Crawled caption data:
........

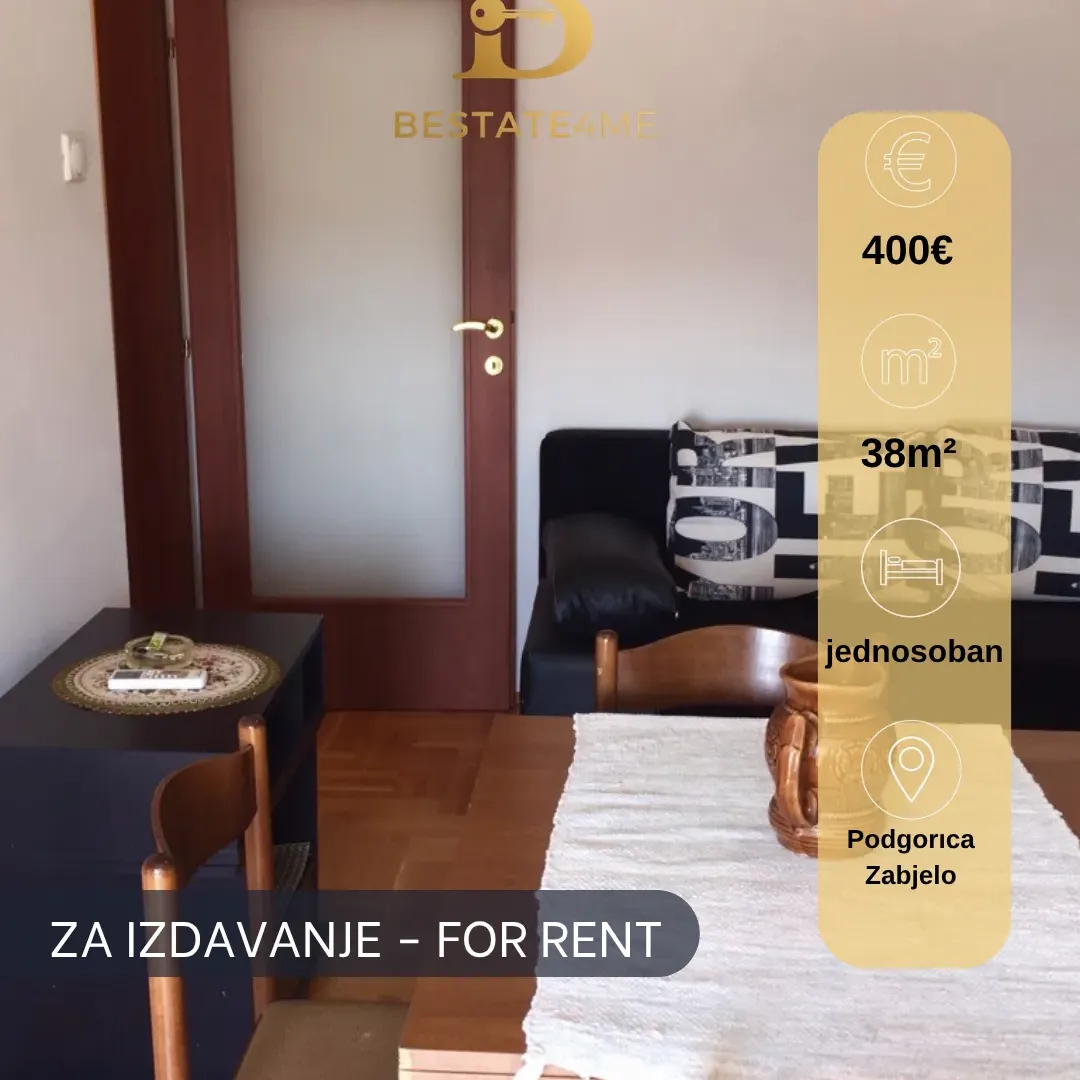 Rent, one bedroom apartment, 38m², Zabjelo, Podgorica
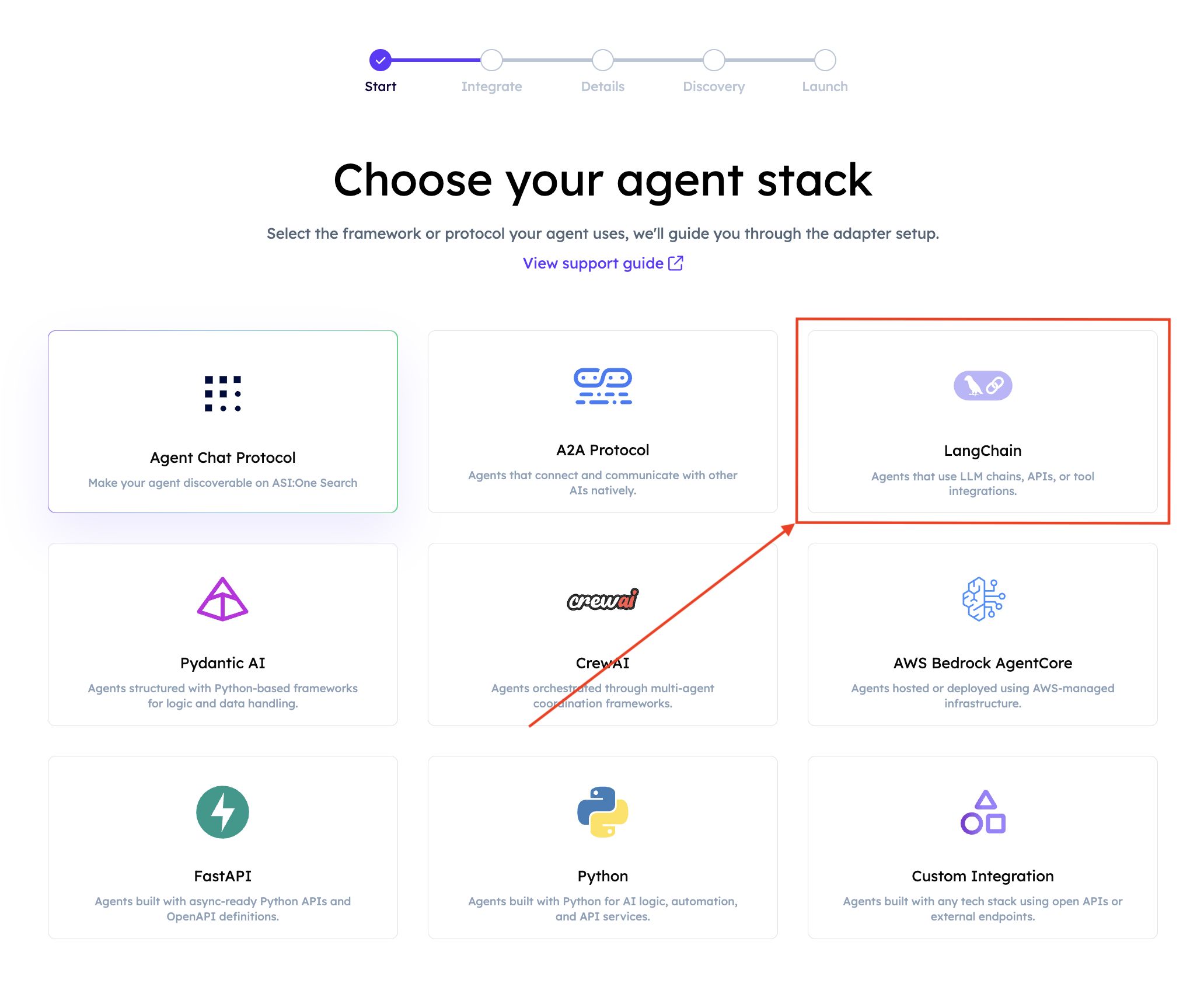 Select the LangChain integration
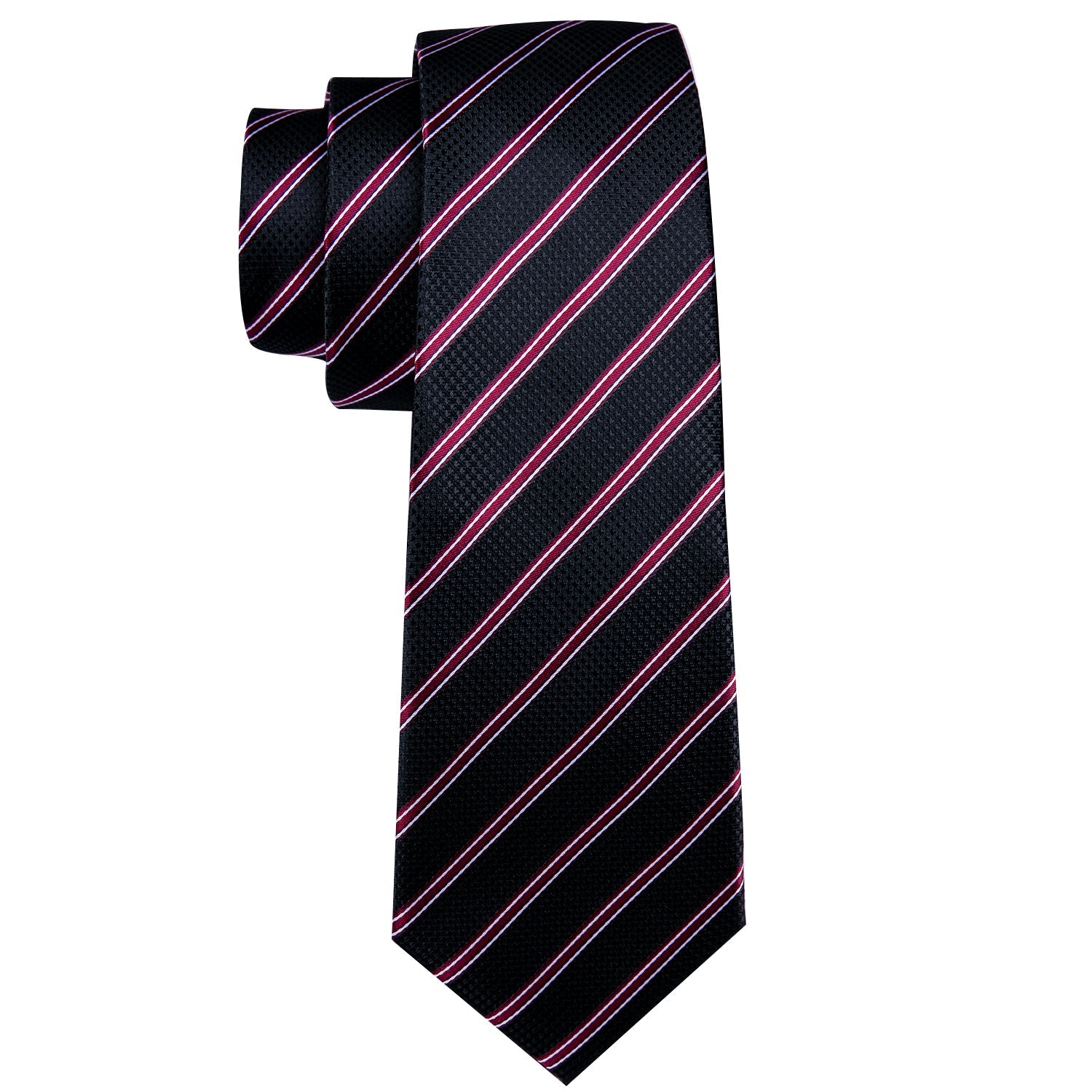  Black Men's Necktie Red Black Striped  Silk Tie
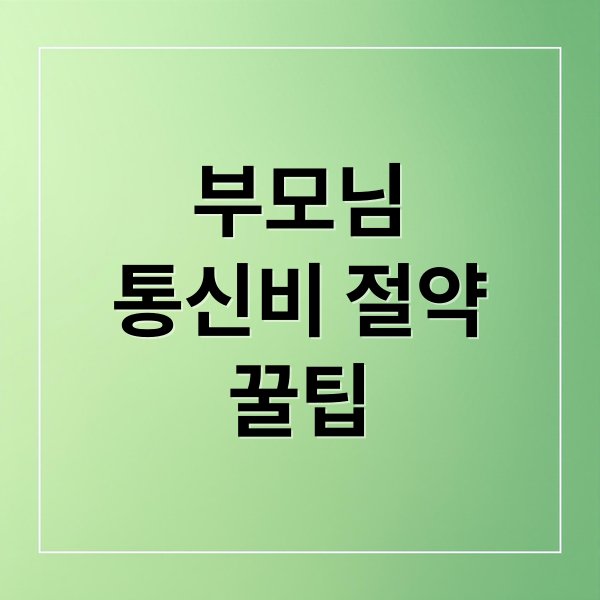 부모님
통신비 절약
꿀팁 (40~80대 통신비 감면)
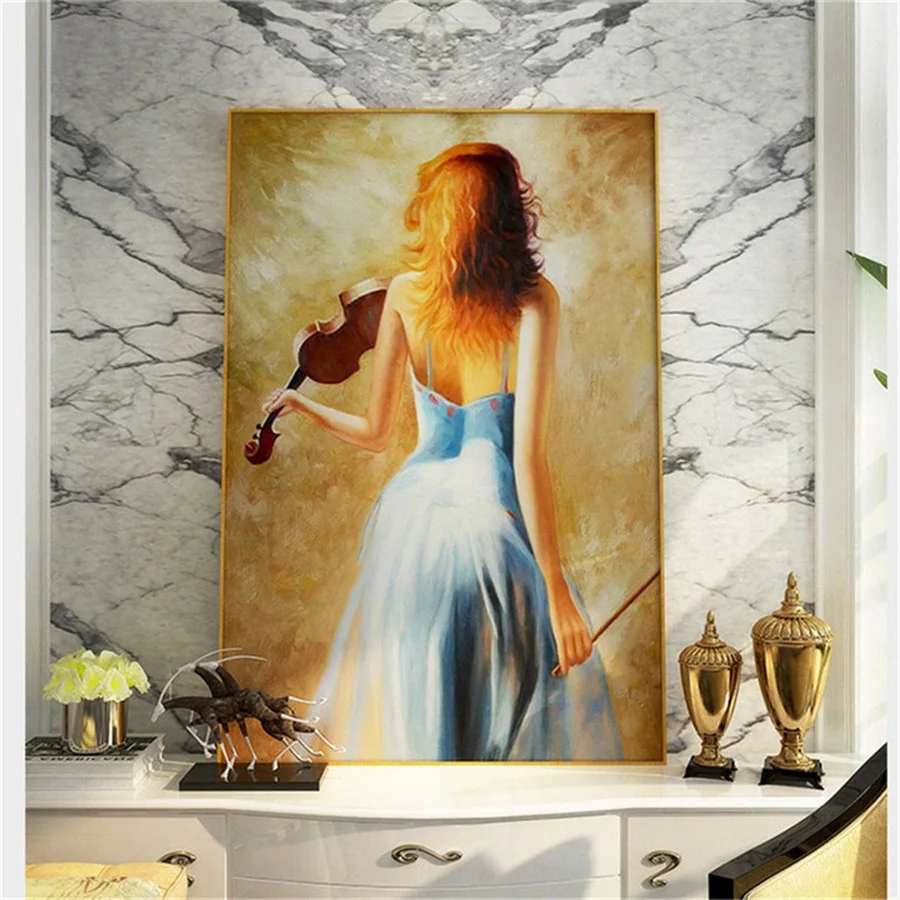

Hand-painted artist dance violin modern oil painting on canvas girl naked back picture living room bedroom wall decoration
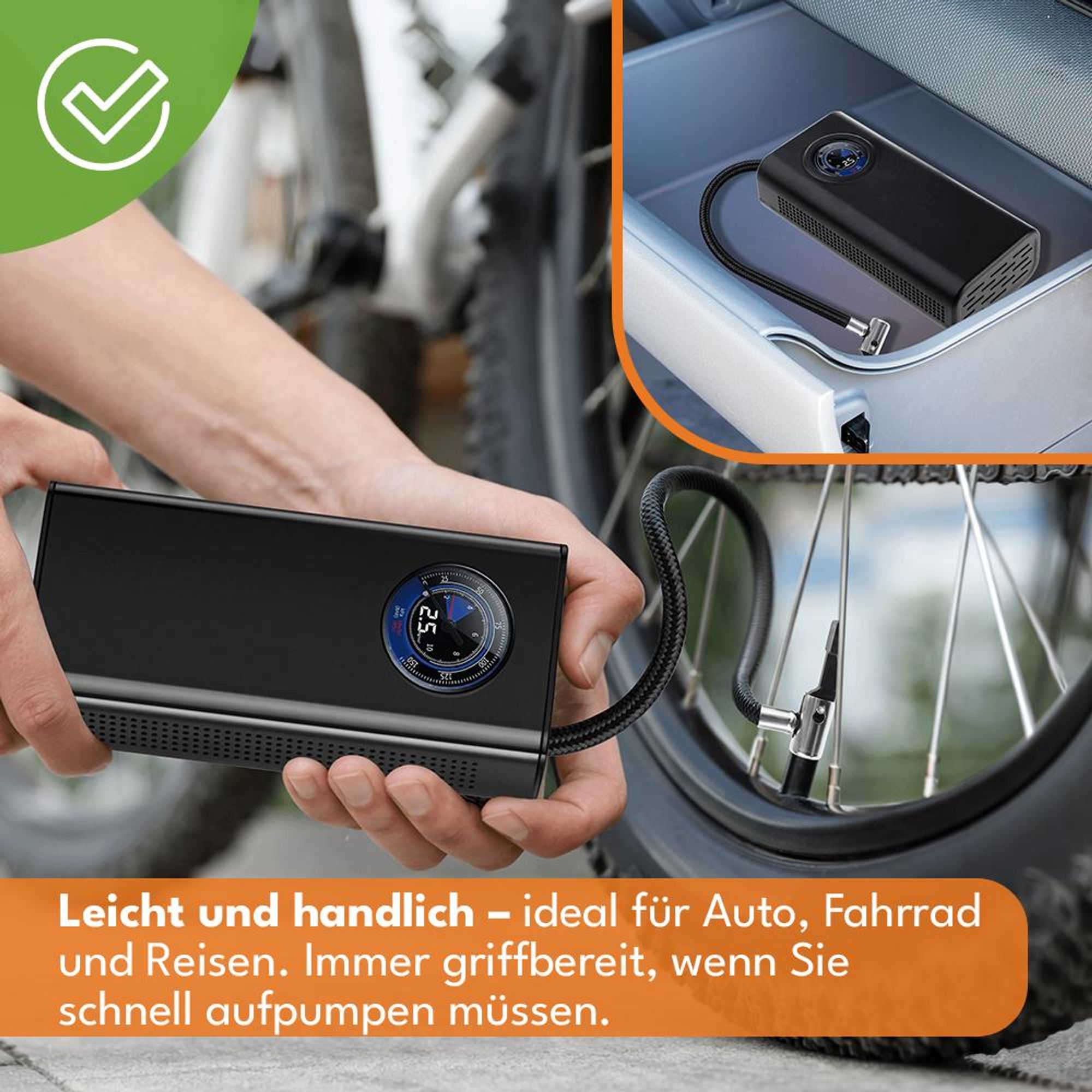 KRUMAD Elektrische Luftpumpe Akku mit Manometer, Mini Kompressor für Auto Fahrrad Motorrad Bälle, USB Reifenpumpe Tragbar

........

◆ Exercise ◆
Once the line containing "Black Men's Necktie" is found, transcribe it and every line after it to the end of the records, exactly and with no pictures.

◆ Response to the task ◆
  Black Men's Necktie Red Black Striped  Silk Tie
 부모님
통신비 절약
꿀팁 (40~80대 통신비 감면)

Hand-painted artist dance violin modern oil painting on canvas girl naked back picture living room bedroom wall decoration
 KRUMAD Elektrische Luftpumpe Akku mit Manometer, Mini Kompressor für Auto Fahrrad Motorrad Bälle, USB Reifenpumpe Tragbar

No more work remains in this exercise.